Owen Anderson is a professor of philosophy and religious studies at Arizona State University and a teaching associate at Phoenix Seminary. He pastors Historic Christian Church of Phoenix which is a Reformed Church. For hobbies he writes on his Substack (Substack.com/@drowenanderson) about radical liberalism at ASU and is a certified jiu jitsu instructor under Rener and Ryron Gracie.

2 thoughts on “The Continuing French Revolution and How to Stop it

  1. Like many other Reformed thinkers, Anderson wants to play Jenga with his target. His target here is the French Revolution. And in comparing the two revolutions, he starts talking like the Pharisee from the parable of the two men praying.

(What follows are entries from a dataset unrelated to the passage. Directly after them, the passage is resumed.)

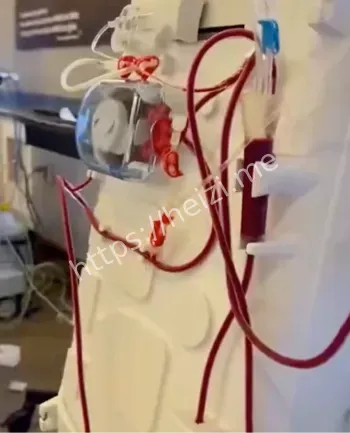 急性肾衰竭ICU抢救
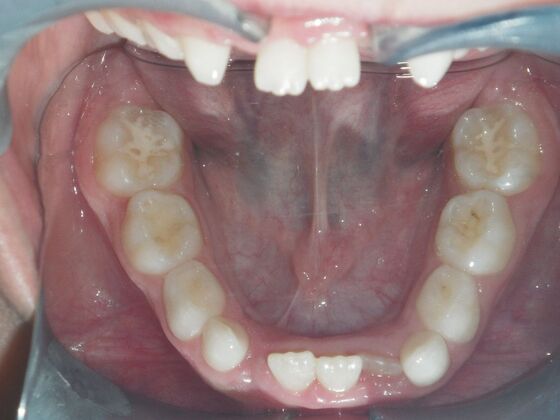 Orthodontic treatment in Phases: Case 8 - Before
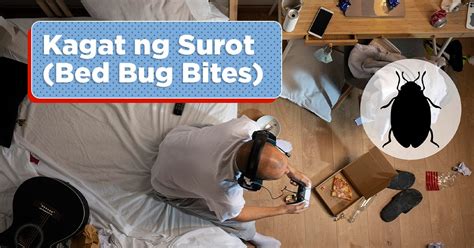 bed bugs in tagalog|Kagat ng Surot (Bed Bug Bites) .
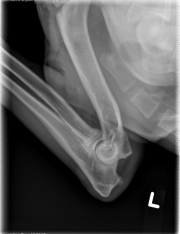 L LAT Elbow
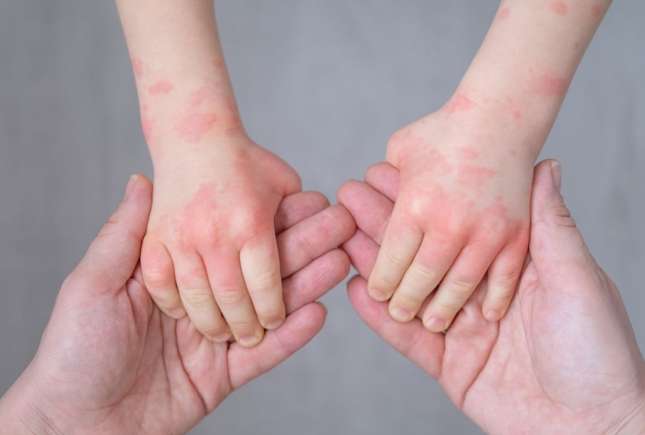 Urticaria la copii: cauze, simptome, tratament și semne care necesită ajutor urgent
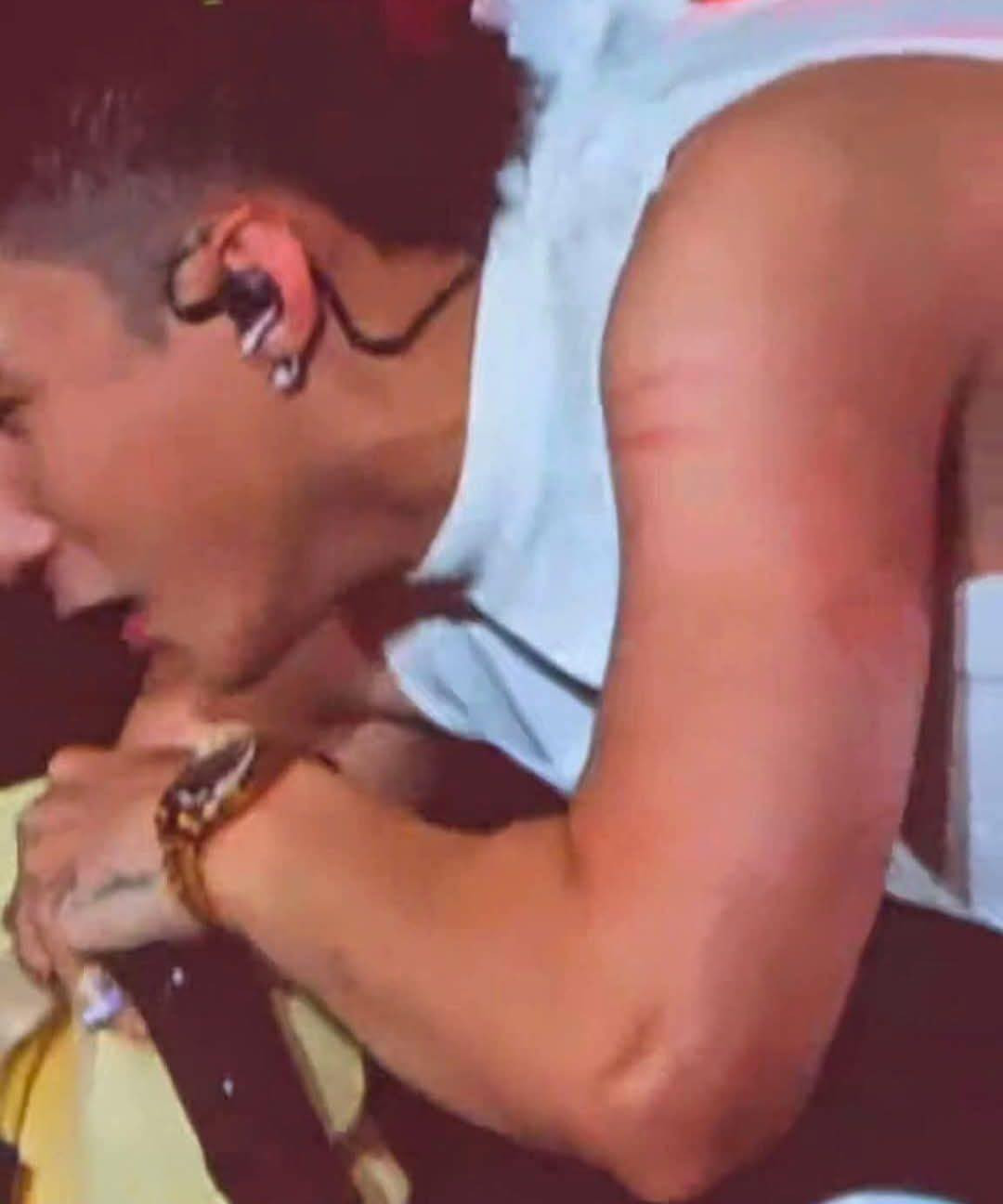 Vết hằn ở tay của Sơn Tùng khi bị khán giả ôm quá chặt. Vết hằn ở tay của Sơn Tùng khi bị khán giả ôm quá chặt.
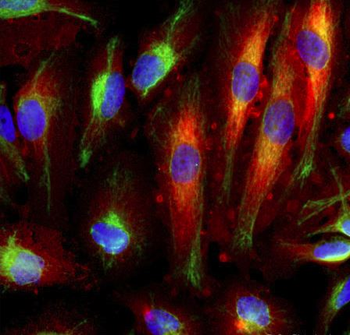 Annexin A6 Antibody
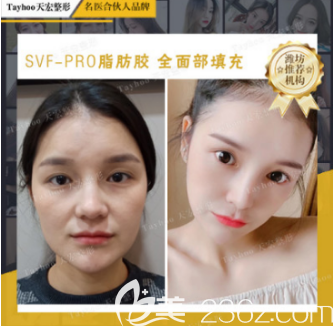 張明欣醫(yī)生自體脂肪填充案例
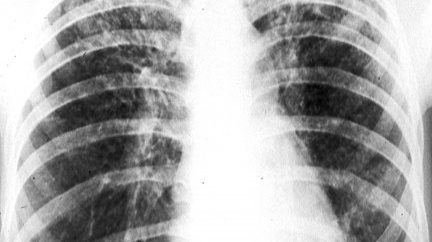 USA zaregistrovaly přelomový lék na léčbu tuberkulózy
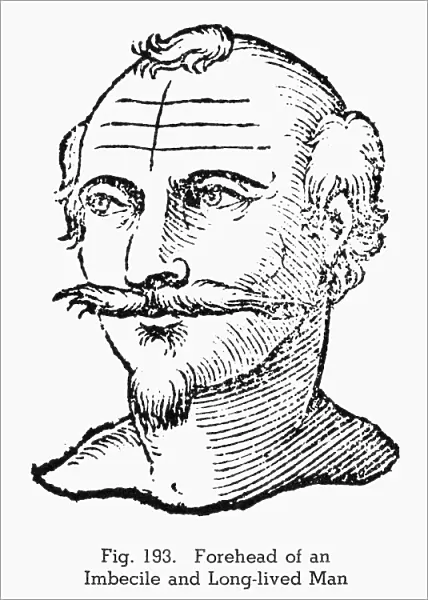PHYSIOGNOMY, 1637. Forehead of an imbecile and long-lived man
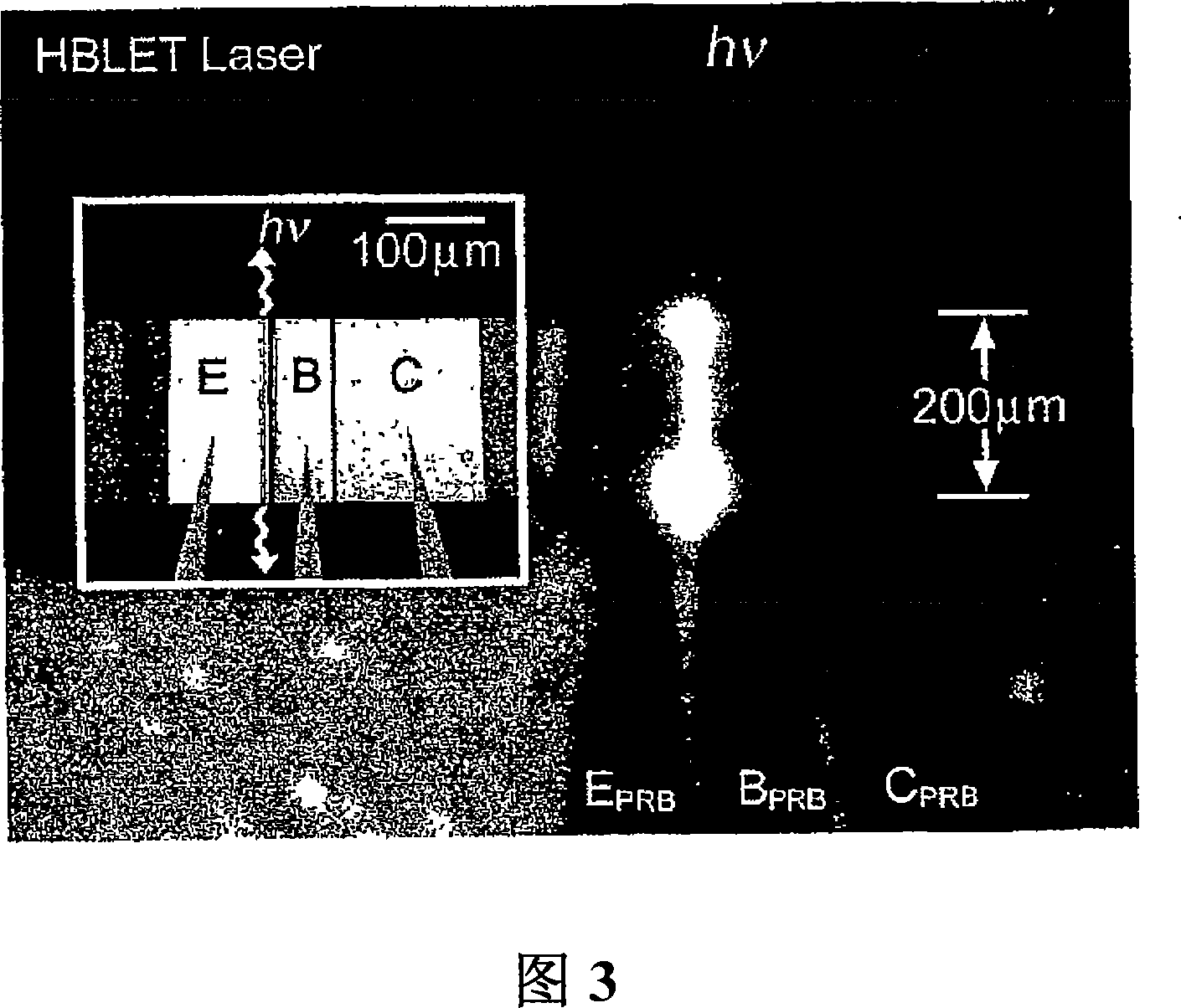 Semiconductor bipolar light emitting and laser devices and methods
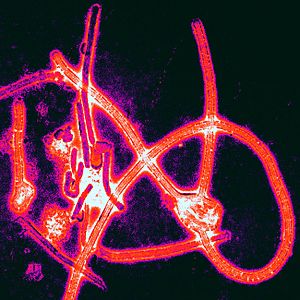 Archivo:Ebola virus particles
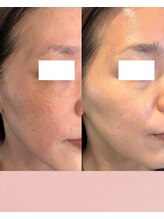 リンクアンドボーテ 大垣(Link&Beaute)/肌改善.エイジングケア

    The main fault of the French Revolution was that it became a pong game between all-or-nothing thinkers. All-or-nothing thinking is the cognitive base for authoritarianism. It also causes us to overreact to injustices so that we tend to throw the baby out with the bathwater. And it robs us of the ability to make distinctions.

    Somehow Romans 2 got lost in the discussion of the two revolutions. The beginning of Romans 2 tells those who believe in God not to judge those who don’t because they commit the same sins as the unbelievers they look down on. And that invites arrogance. In addition, Paul uses the actions of the unbeliever when they follow their consciences to shame the believers who are all too eager to judge them. What Paul wrote in Romans 1-2 culminates with Romans 3:9:

    What then? Are we better than they? Not at all; for we have already charged that both Jews and Greeks are all under sin;

    The sins of those who started the French Revolution are all to obvious to Anderson because they should be. But what he seems to have relegated to a state of insignificance are the sins of the American Revolution: the continuation of slavery and the treating of blacks as not even 2nd class citizens, and the ethnic cleansing of Native Americans from the land. Should we compare the death tolls? Or better yet, what if Americans back then had taken the French motto more seriously than the French did? Would they have treated blacks and Native Americans as shabbily as they did with their Constitution and their faith in God?

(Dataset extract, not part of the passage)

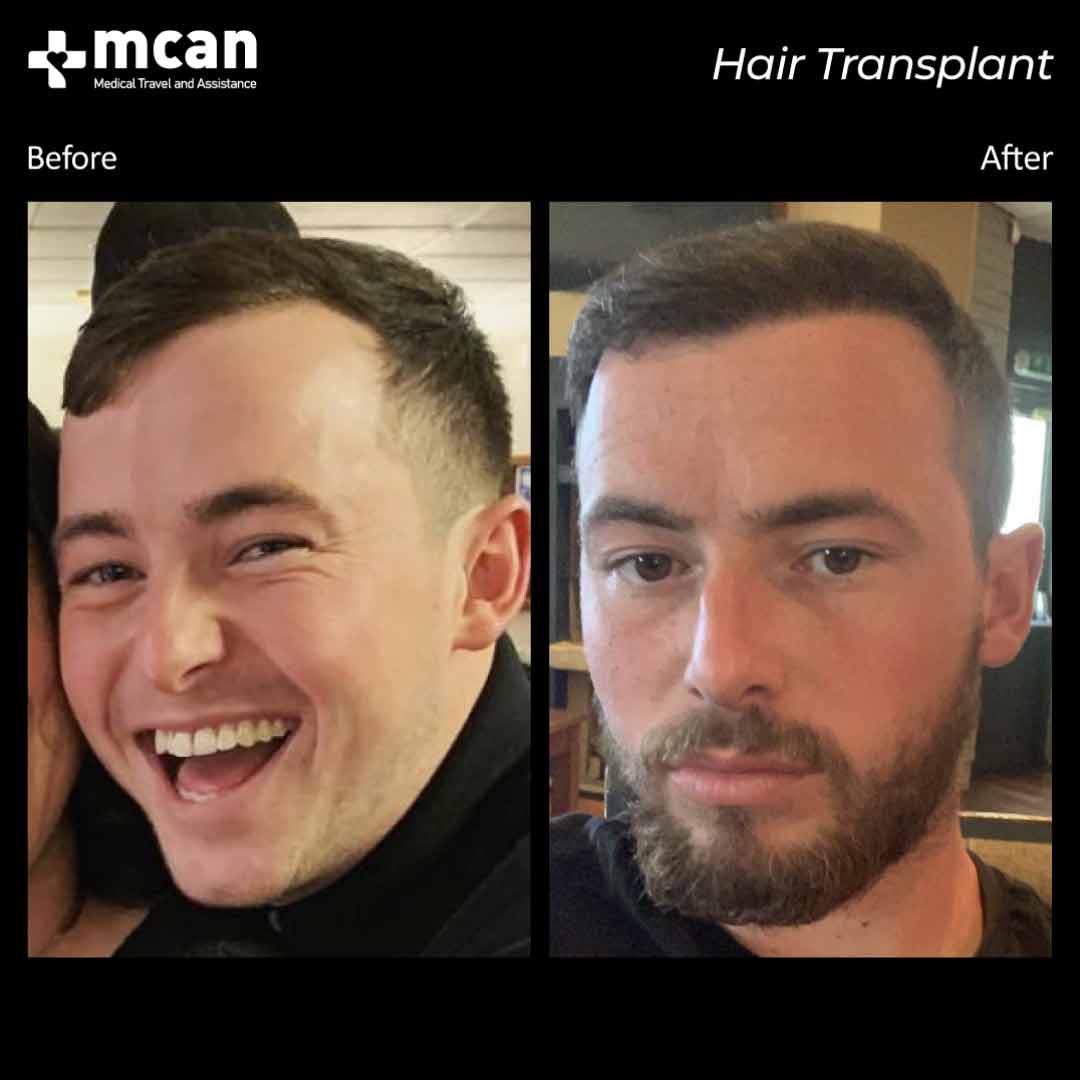 Hair Transplant Turkey Before After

    And even after slavery ended, after a brief respite for blacks in the South, came Jim Crow with its license for whites to punish and kill blacks and their allies with impunity. And while Anderson rightly complains about Napoleon, look at the empire Americans created as they continued to ethnically cleanse the land of Native Americans while exploiting the labor of foreigners to build railroads. I guess Anderson didn’t see the comparison between America moving west while Napoleon moved east because Americans were taking land away from Native Americans while Napoleon was taking land away from Europeans.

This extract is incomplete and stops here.